◆ Your assignment ◆
Restate the records below word for word, and omit the images they hold.

── Exercise material ──

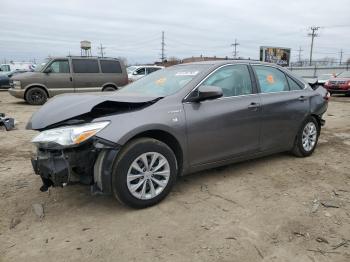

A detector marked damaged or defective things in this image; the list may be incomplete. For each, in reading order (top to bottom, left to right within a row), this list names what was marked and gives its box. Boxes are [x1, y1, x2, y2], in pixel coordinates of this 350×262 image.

crumpled front hood [27, 92, 161, 130]
broken headlight [32, 121, 110, 147]
damaged toyota camry [27, 61, 328, 209]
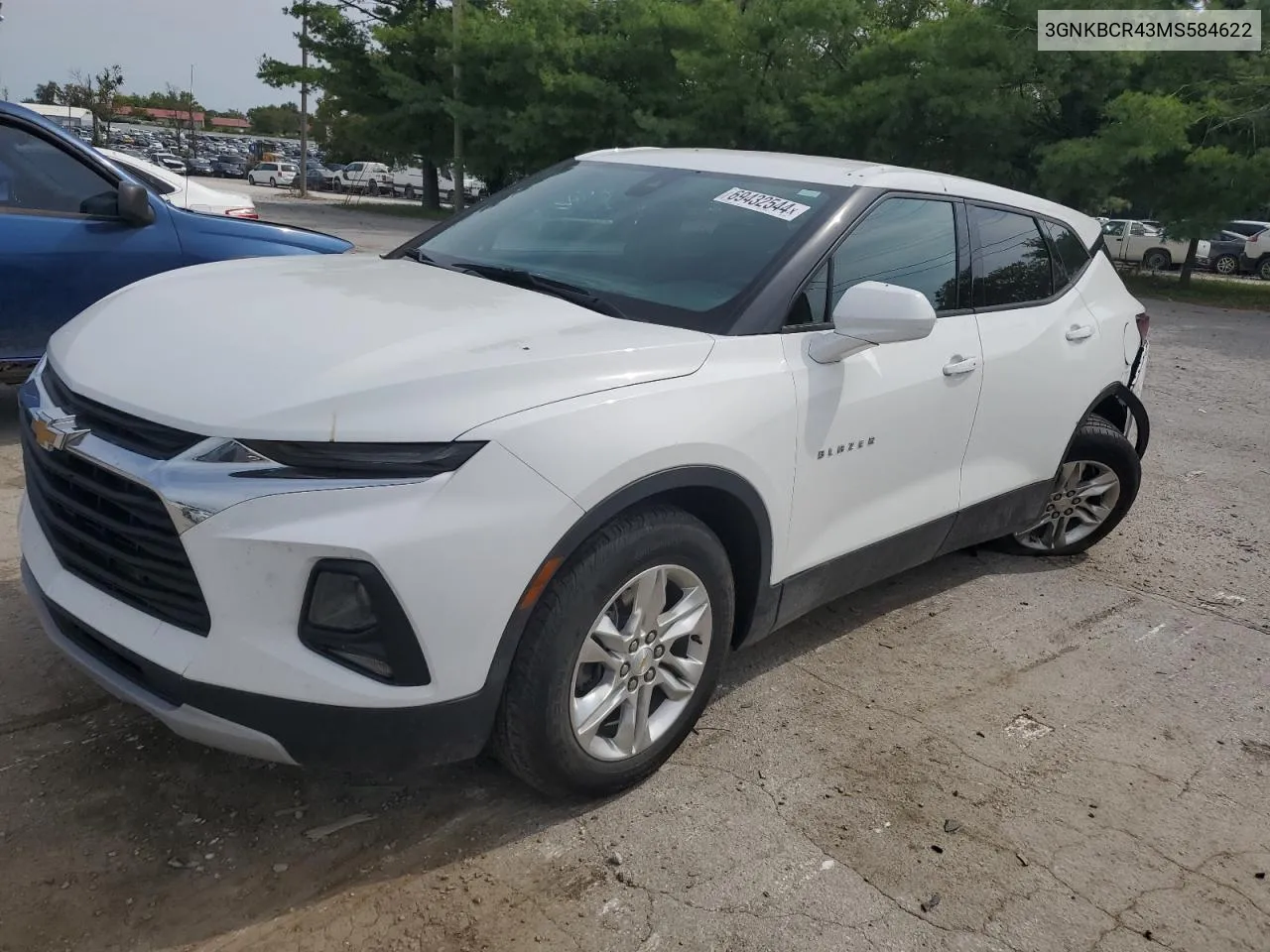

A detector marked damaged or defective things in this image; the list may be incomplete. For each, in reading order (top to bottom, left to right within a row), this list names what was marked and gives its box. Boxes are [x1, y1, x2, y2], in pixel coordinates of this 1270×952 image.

cracked pavement [0, 254, 1262, 952]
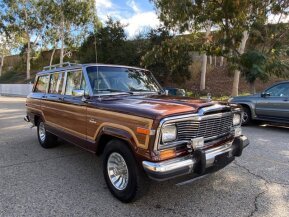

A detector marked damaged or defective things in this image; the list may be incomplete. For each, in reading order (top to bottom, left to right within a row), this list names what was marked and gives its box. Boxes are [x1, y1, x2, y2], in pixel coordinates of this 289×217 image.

pavement crack [0, 152, 83, 169]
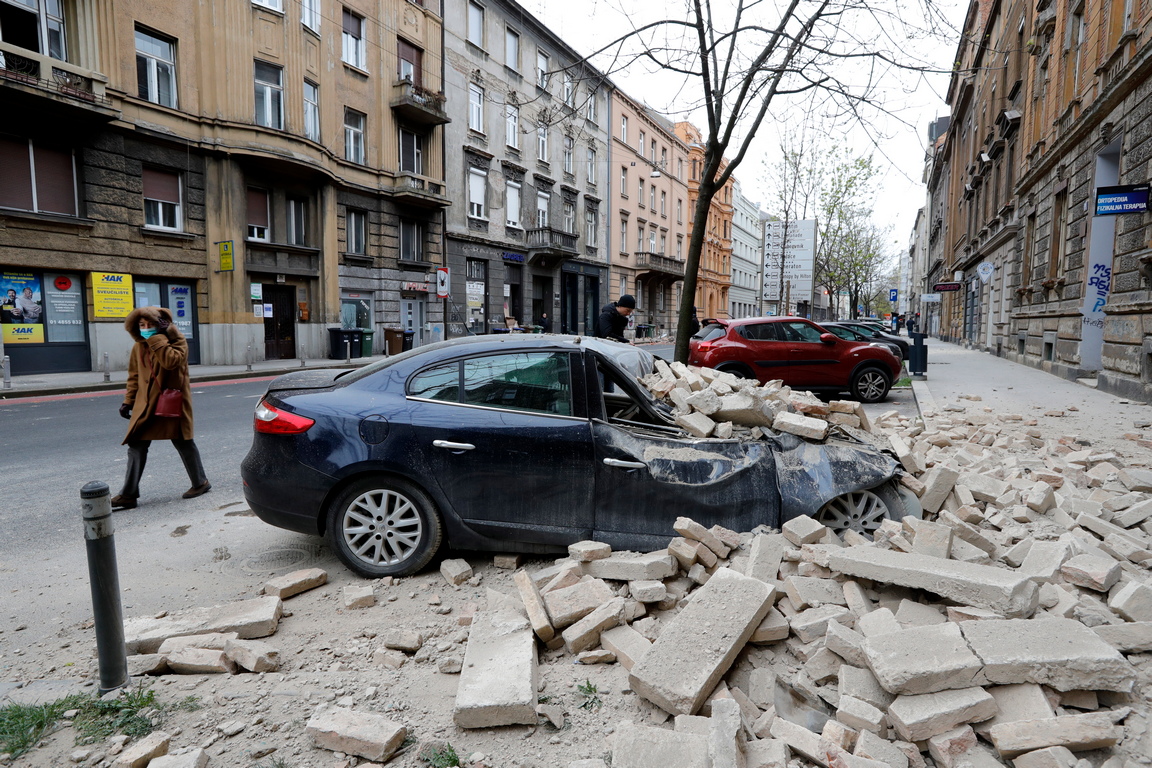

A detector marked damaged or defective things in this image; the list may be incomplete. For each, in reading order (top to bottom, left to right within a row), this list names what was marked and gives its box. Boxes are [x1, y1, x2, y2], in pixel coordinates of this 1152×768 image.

damaged building facade [920, 0, 1152, 402]
crushed black sedan [243, 334, 920, 576]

───

◆ Answer to this exercise ◆
A detector marked damaged or defective things in this image; the list may be incomplete. For each, in reading order (top to bottom, left to right within a row), this list names what was marked and gives its box. Boxes are [x1, y1, x2, y2], in pixel coordinates of this 350×262 image.

crumpled front hood [27, 92, 161, 130]
broken headlight [32, 121, 110, 147]
damaged toyota camry [27, 61, 328, 209]

A detector marked damaged or defective things in this image; the list may be incomplete. For each, in reading order (top to bottom, left to right within a row), this list names what was marked and gives its box. Boxes are [x1, y1, x2, y2], in pixel coordinates of this 1270×952 image.

cracked pavement [0, 254, 1262, 952]

A detector marked damaged or defective things in this image; the list may be incomplete. For each, in reading order (top to bottom, left to right within a row), this list names what was marked and gives its box. Boxes are [x1, y1, x2, y2], in pixel coordinates of this 289×217 image.

pavement crack [0, 152, 83, 169]

A detector marked damaged or defective things in this image; the list may be incomplete. For each, in reading order (top to bottom, left to right within a row), this list names what was marked and gives its box. Boxes are [x1, y1, x2, y2], in pixel coordinates of this 1152×768 image.

damaged building facade [920, 0, 1152, 402]
crushed black sedan [243, 334, 920, 576]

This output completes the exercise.